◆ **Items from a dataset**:
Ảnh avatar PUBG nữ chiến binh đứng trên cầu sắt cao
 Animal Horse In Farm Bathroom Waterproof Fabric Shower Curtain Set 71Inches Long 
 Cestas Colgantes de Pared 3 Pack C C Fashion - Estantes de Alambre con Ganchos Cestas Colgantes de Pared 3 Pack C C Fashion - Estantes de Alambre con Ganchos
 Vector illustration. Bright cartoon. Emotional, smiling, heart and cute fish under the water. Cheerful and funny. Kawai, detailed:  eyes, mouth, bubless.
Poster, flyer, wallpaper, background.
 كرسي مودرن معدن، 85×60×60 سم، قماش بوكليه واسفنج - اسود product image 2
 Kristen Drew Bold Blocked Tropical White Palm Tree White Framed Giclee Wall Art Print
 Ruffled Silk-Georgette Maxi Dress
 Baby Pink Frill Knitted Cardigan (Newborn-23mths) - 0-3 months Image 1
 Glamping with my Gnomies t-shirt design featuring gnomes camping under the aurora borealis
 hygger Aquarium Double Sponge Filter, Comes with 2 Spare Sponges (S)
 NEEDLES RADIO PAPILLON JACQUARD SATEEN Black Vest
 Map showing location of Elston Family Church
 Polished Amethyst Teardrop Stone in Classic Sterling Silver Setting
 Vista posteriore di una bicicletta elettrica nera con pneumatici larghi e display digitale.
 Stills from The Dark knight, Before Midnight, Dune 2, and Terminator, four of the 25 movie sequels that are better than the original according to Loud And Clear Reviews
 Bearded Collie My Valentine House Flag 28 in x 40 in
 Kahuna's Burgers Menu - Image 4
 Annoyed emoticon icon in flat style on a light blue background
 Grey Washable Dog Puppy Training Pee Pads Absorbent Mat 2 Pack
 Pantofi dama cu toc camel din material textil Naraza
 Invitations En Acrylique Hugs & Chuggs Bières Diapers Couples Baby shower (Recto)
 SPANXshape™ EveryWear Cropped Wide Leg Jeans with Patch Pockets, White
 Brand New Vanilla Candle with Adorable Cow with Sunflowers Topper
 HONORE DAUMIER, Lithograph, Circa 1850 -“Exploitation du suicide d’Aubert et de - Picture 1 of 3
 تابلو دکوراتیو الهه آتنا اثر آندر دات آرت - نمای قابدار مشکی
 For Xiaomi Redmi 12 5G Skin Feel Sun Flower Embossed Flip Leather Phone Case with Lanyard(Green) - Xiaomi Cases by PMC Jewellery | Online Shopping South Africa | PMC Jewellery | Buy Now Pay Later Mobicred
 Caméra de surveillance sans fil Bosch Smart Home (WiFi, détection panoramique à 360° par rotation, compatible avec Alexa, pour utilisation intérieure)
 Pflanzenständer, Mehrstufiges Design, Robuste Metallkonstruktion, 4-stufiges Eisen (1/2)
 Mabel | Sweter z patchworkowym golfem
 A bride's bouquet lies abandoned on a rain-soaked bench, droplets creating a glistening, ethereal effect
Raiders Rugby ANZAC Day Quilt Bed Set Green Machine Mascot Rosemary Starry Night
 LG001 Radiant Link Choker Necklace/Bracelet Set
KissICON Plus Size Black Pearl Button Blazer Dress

◆ **Task goal**:
Would you please reproduce the records above exactly, only from their first line through the line holding "كرسي مودرن معدن،", with both ends included?

◆ **Solution to this task**:
Ảnh avatar PUBG nữ chiến binh đứng trên cầu sắt cao
 Animal Horse In Farm Bathroom Waterproof Fabric Shower Curtain Set 71Inches Long 
 Cestas Colgantes de Pared 3 Pack C C Fashion - Estantes de Alambre con Ganchos Cestas Colgantes de Pared 3 Pack C C Fashion - Estantes de Alambre con Ganchos
 Vector illustration. Bright cartoon. Emotional, smiling, heart and cute fish under the water. Cheerful and funny. Kawai, detailed:  eyes, mouth, bubless.
Poster, flyer, wallpaper, background.
 كرسي مودرن معدن، 85×60×60 سم، قماش بوكليه واسفنج - اسود product image 2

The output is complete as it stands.